Unlike some programs which tout peer mediators who are
trained to intervene as conflict managers, Kelso’s Choice
assumes that all young people are capable of becoming
peacemakers.
Developed in 1992 and revised in 2007, the program reflects a proven way to:
- Empower young people with the ability to determine their own behavior, encouraging an internal locus of control and appropriate problem ownership. Statements such as “He made me do it!” and “She did it first!” become obsolete as students become accountable for their own choices.
- Reduce tattling through a proactive, preventative approach that keeps small problems form escalating and prevents negative attention-getting mechanisms from occurring.Systematize expectations of student behavior and provides consistency in rules and discipline on a school-wide basis.
- Provide a cognitive structure for discriminating between “small” problems young people can resolve and “big” problems that require adult intervention.

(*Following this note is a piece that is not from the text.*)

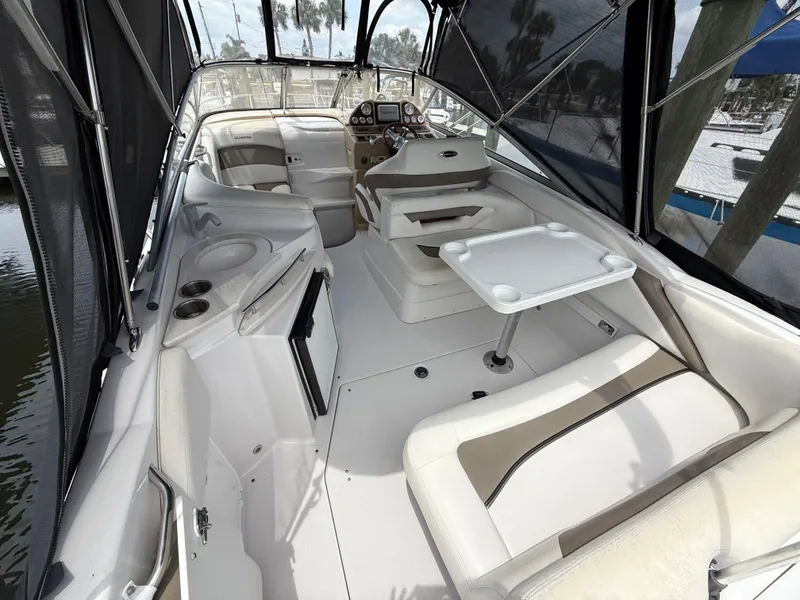 Slide: The Image of 2014 Glastron GS 289 boat interior with seating, table, and helm. - 9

- Increase feelings of personal competence as young people successfully resolve conflicts, both within the structured lessons and in their own lives.
- Develop an important linkage between home and school as the Kelso’s Choice program is shared with parents.
- Give young people an important conflict resolution tool they can use when adults are not available or readily accessible. These situations might include riding bikes around the neighborhood, waiting at the bus stop or playing games in the far corner of school grounds.